A PyTorch DataLoader for interfacing with ElasticSearch to load documents in batches for training machine learning models.
You can install the package using pip:
pip install git+https://github.com/iarroyof/elastic_pytorch_loader.git
To use the ElasticSearchDataset
with a PyTorch DataLoader, follow these steps:
from elastic_pytorch_loader.dataset import ElasticSearchDataset
from torch.utils.data import DataLoader
# Initialize the dataset with your specific parameters
es_dataset = ElasticSearchDataset(
index='your_index_name',
es_page_size=1000,
batch_size=10,
async_loading=False,
shuffle=True,
seed=42
)
# Create a DataLoader
data_loader = DataLoader(es_dataset, batch_size=None)

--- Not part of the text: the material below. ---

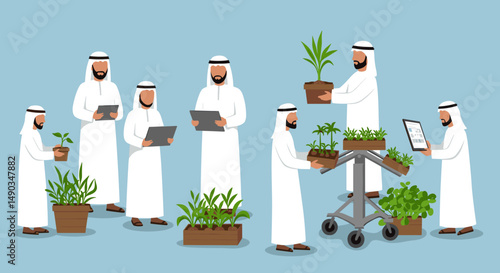 Group Of Arab Men Examining Plants In Planters Using Digital Tablets In Pixel Art Style With A Light Blue Background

# Iterate over the DataLoader in your training loop
for batch in data_loader:
# Your training logic here
pass
To enable asynchronous loading of data:
# Set async_loading to True when initializing the dataset
es_dataset = ElasticSearchDataset(
index='your_index_name',
es_page_size=1000,
batch_size=10,
async_loading=True, # Enable asynchronous data loading
shuffle=True,
seed=42
)
# The rest is the same as the basic usage
Shuffling the data can lead to better training performance:
# Set shuffle to True and specify a seed for reproducibility
es_dataset = ElasticSearchDataset(
index='your_index_name',
es_page_size=1000,
batch_size=10,
async_loading=False,
shuffle=True, # Enable shuffling
seed=42 # Seed for the random number generator
)
# The rest is the same as the basic usage
Make sure to replace 'your_index_name'
with the actual name of the ElasticSearch index you are using. These examples provide a clear guide on how to initialize the dataset with different options and use it with a PyTorch DataLoader.